Over the past decade a body of law has developed defining and limiting liability of defendants where it is established that the loss or damage is actually caused by multiple wrongdoers.
The introduction of the concept of “ proportionate liability ” into legislation in a range of jurisdictions throughout Australia - including in Victoria, under Part IVAA of the Wrongs Act 1958 (Vic) and (where the loss or damage arises from misleading or deceptive conduct) Part VIA of the Competition and Consumer Act 2010 (Cth) - means that in certain circumstances those who are found by a court or tribunal to be liable (along with others) as multiple wrongdoers causing loss and damage - can limit their liability to a proportion which properly reflects their contribution to the loss and damage caused to the plaintiff.

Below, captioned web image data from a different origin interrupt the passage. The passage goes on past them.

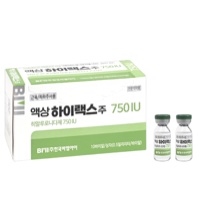 HIRAX 750IU 0.5mL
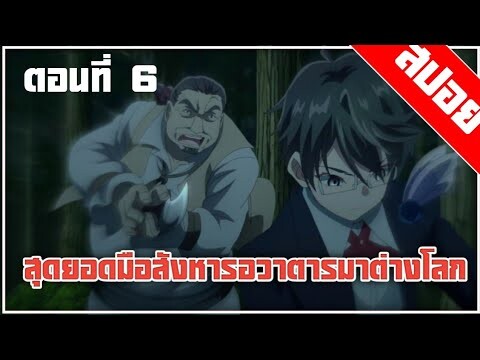 [สปอย] เด็กผู้หญิงหลายคนถูกจับมาเป็นทาสกาม พระเอกมาแล้ว | สุดยอดมือสังหารอวตารมาต่างโลก ตอนที่ 6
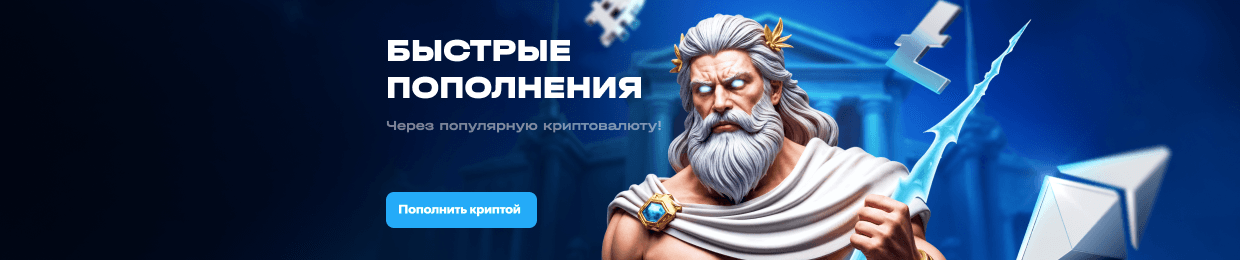 Официальный сайт Up X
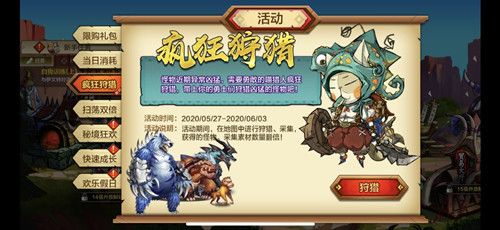 猫狩纪10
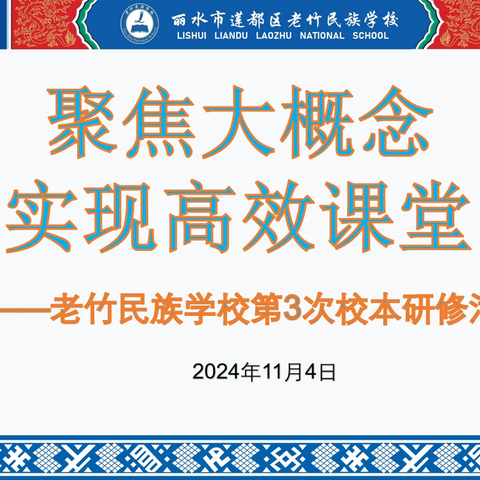 聚焦大概念 实现高效课堂——莲都区老竹民族学校2024学年第三次校本研修活动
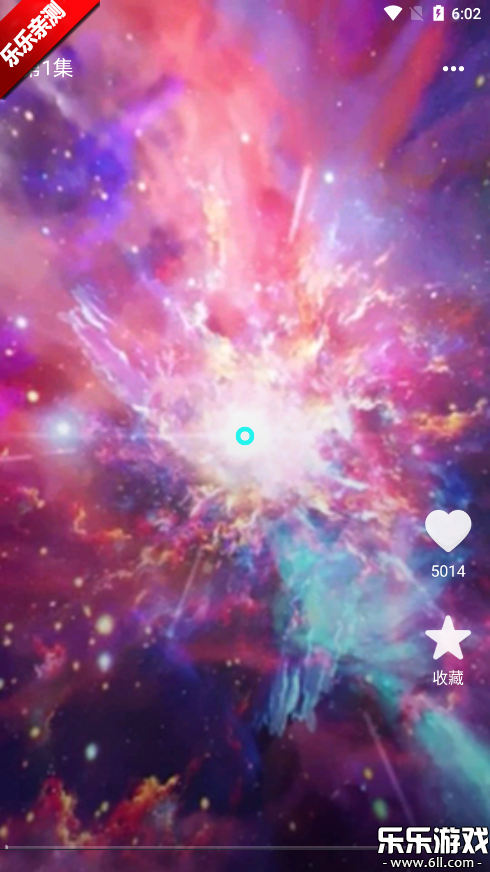 Ѷ̾ٷv1.0.0 ׿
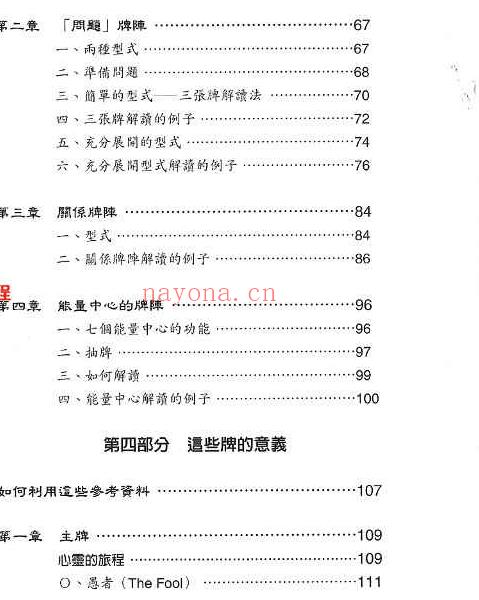 直觉式塔罗牌（透特牌）中文珍藏版379页.pdf       百度云下载！(直觉式塔罗牌线上)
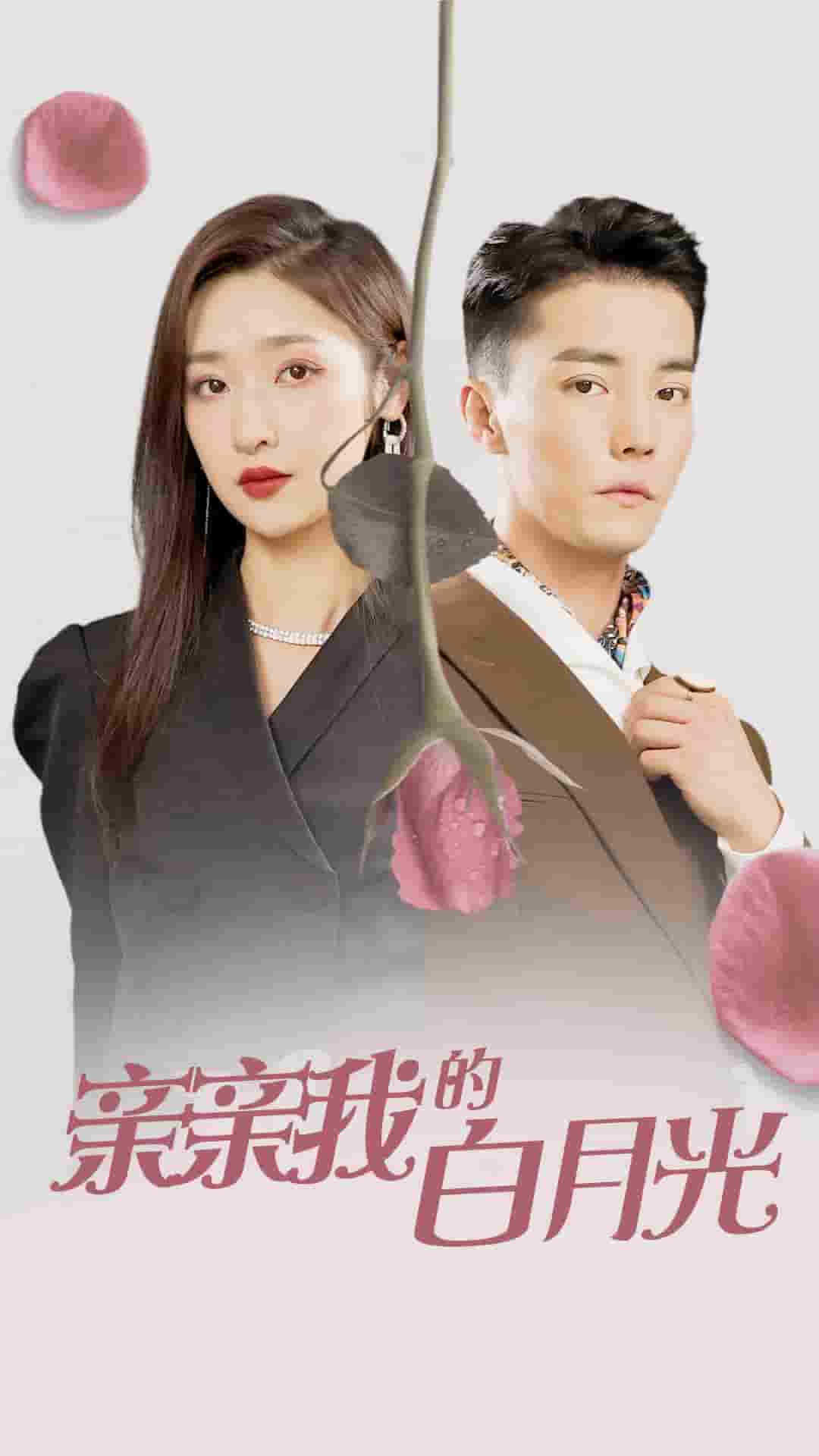 亲亲我的白月光 第07集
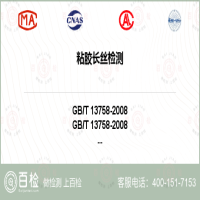 粘胶长丝检测-粘胶长丝检测第三方机构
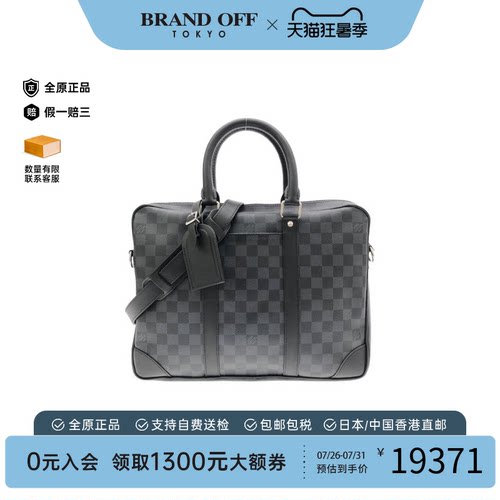 中古LV路易威登盘格斜挎包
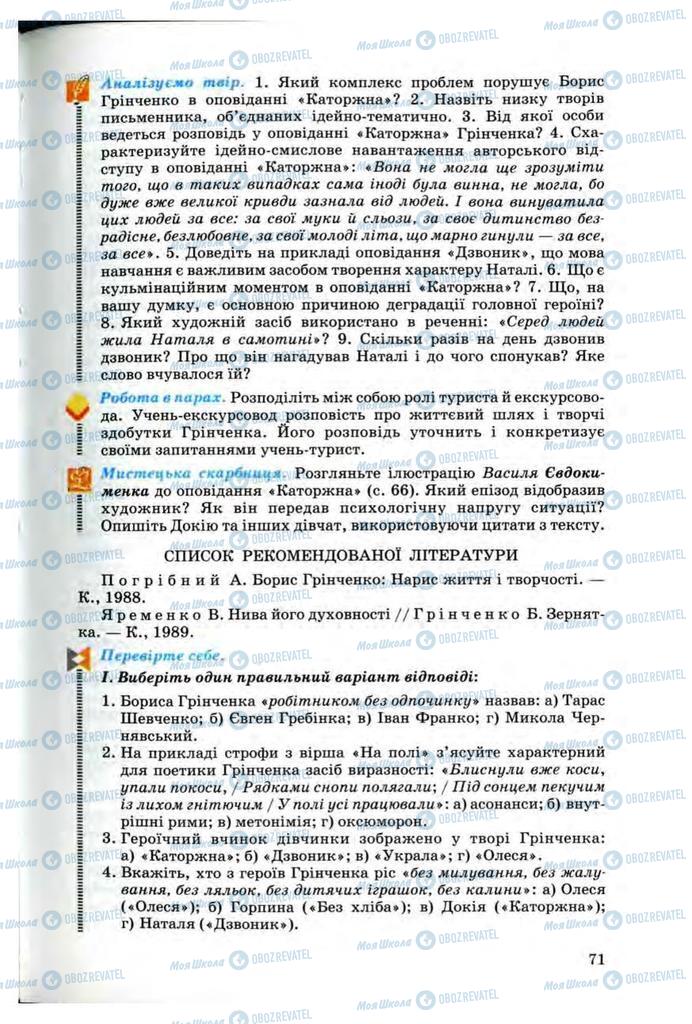Підручники Українська література 10 клас сторінка 71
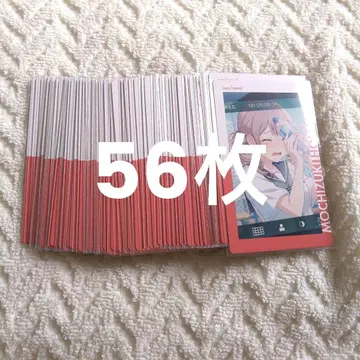 56장 모치즈키 호나미 프로세카 에피카 24A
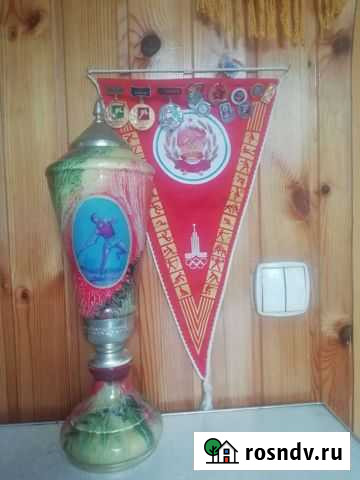 Спортивный кубок, вымпел Катав-Ивановск - изображение 1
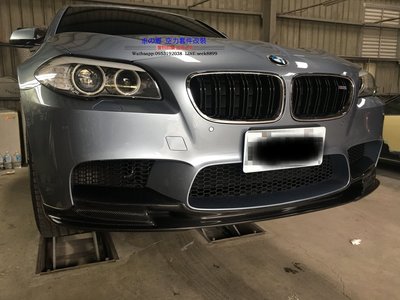 車之鄉 BMW 5系F10 M5專用3D碳纖維前下巴 , 台製an品牌M5保桿可以通用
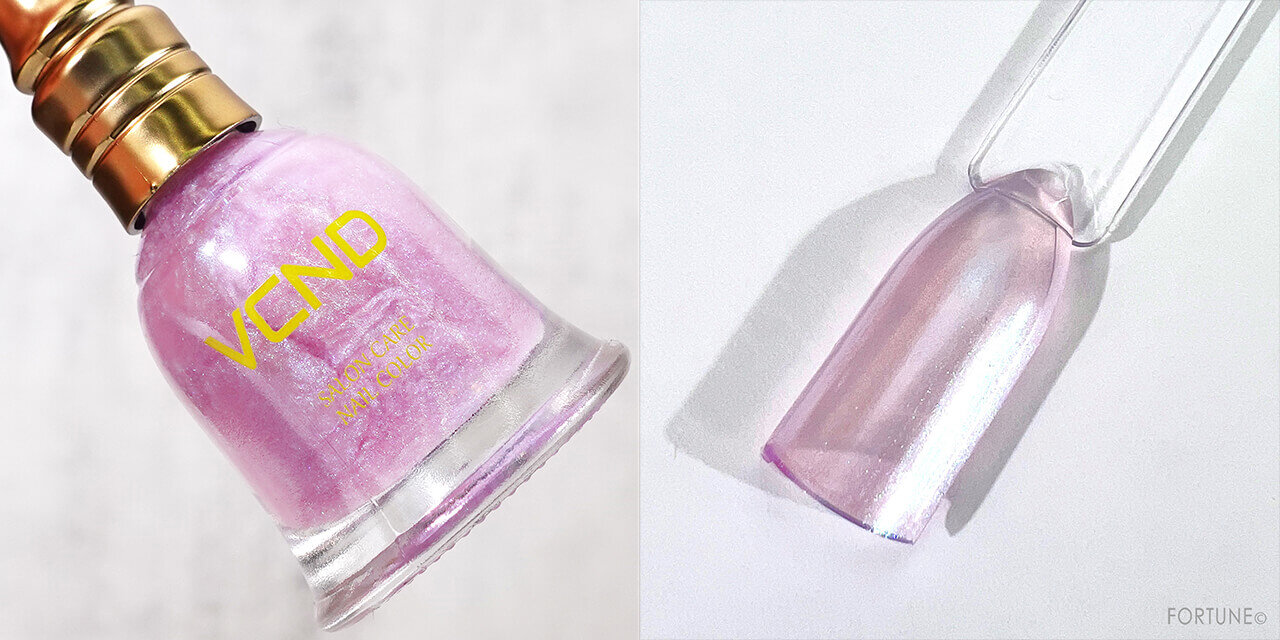 U02 フローズンスター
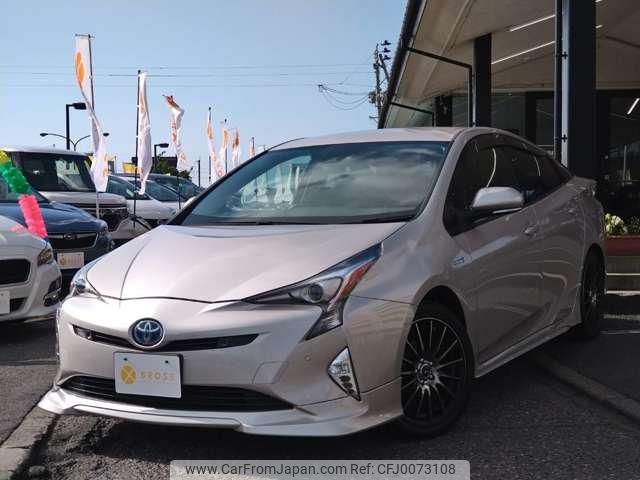 toyota prius 2017 -TOYOTA--Prius ZVW50--8038984---TOYOTA--Prius ZVW50--8038984- image 1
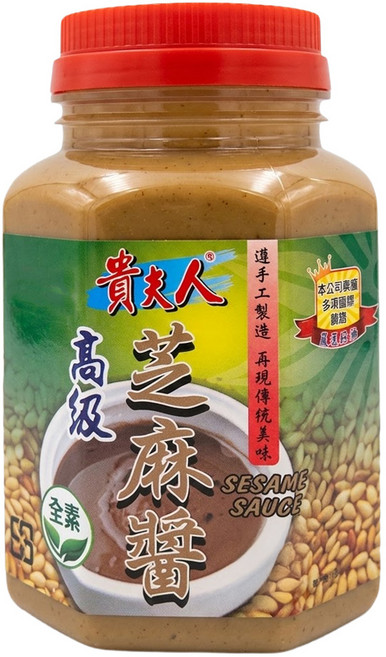 Ladyship 貴夫人 高級芝麻醬, 520g, 1罐
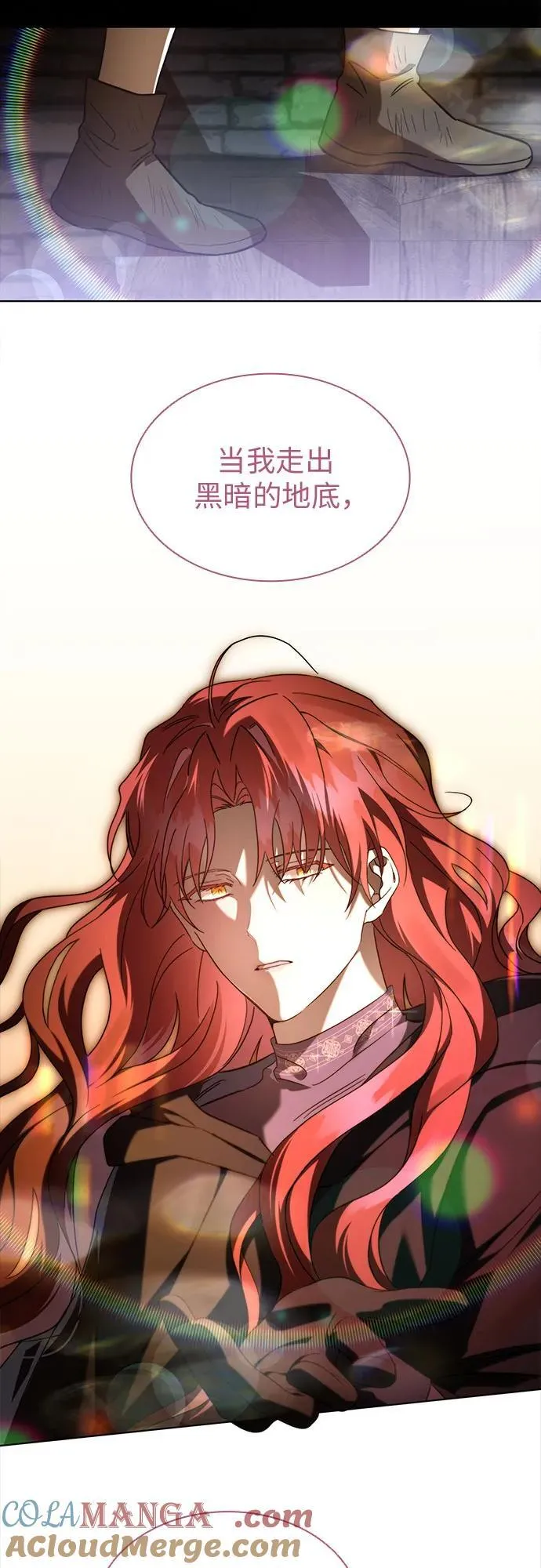 第91话 第19页
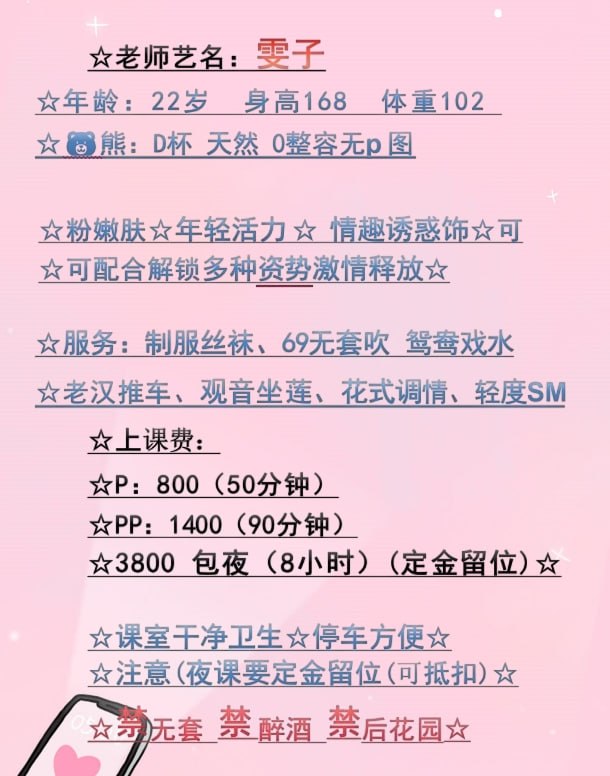 雯子图片 5 - 69dp春风阁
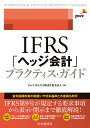 IFRS「ヘッジ会計」プラクティス ガイド PwCあらた有限責任監査法人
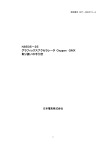 N8505－25 グラフィックスアクセラレータ Oxygen GMX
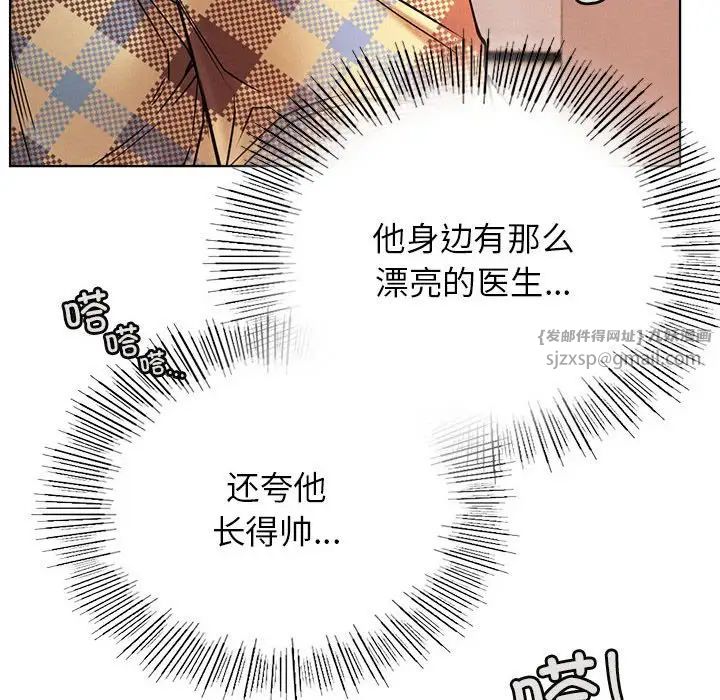 第34話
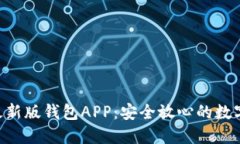 探索imToken最新版钱包APP：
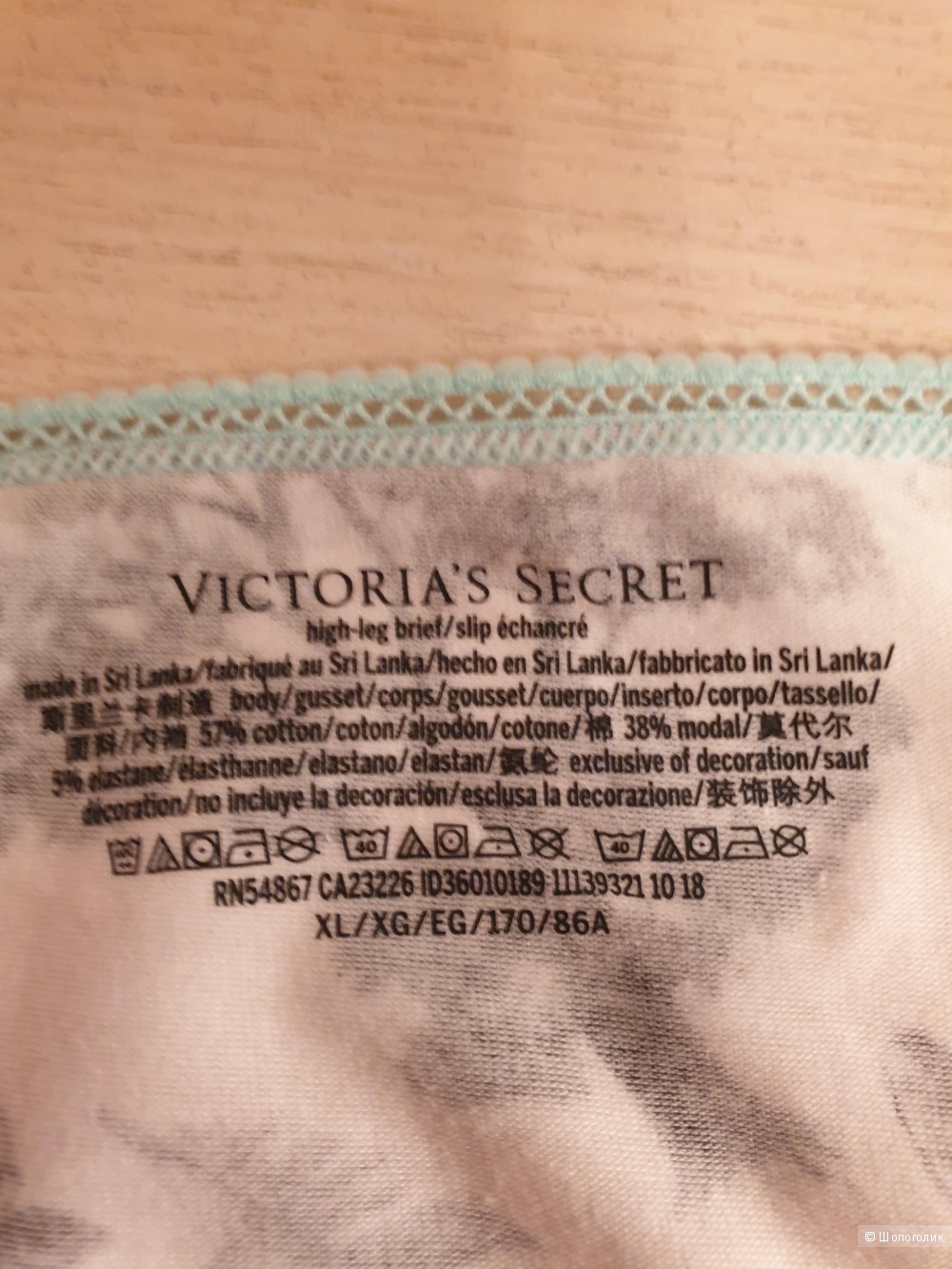 Трусы ф-ма Victoria's Secret размер XL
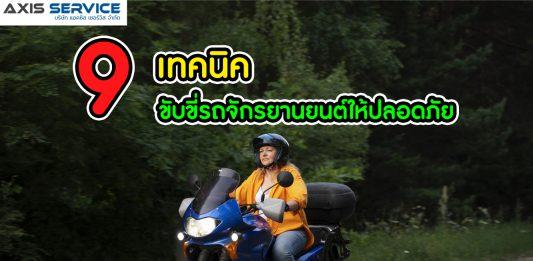 9 เทคนิค การขับขี่จักรยานยนต์ให้ปลอดภัยในปี 2023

The proportionate liability regime applies to claims for economic loss or damage to property in an action for damages (whether in tort, in contract, under statute or otherwise) “arising from failure to take reasonable care” : Wrongs Act s.24AF (1)(a).
Two concepts are central to determining proportionate liability.
1. “Apportionable Claim”
First requirement of the operation of the proportionate liability regime is the existence of an “ apportionable claim ” – being an action for damages arising from a failure to take reasonable care: Dartberg Pty Ltd v Wealthcare Financial Planning Pty Ltd
An apportionable claim under the Wrongs Act must be one made in an action for damages – i.e. defined to include a claim for any form of monetary compensation: s. 24AE.
An apportionable claim under the Competition and Consumer Act applies to claims for damages under s. 82 for economic loss or damage to property caused by misleading and deceptive conduct: s.87CB(1) It goes further to provide provides for “ a single apportionable claim” in proceedings in respect of the same loss or damage even if the claim for loss and damage is based on more than one cause of action – even where those are of a different kind (e.g., in contract as well as in misleading and deceptive conduct): s.87CB(2).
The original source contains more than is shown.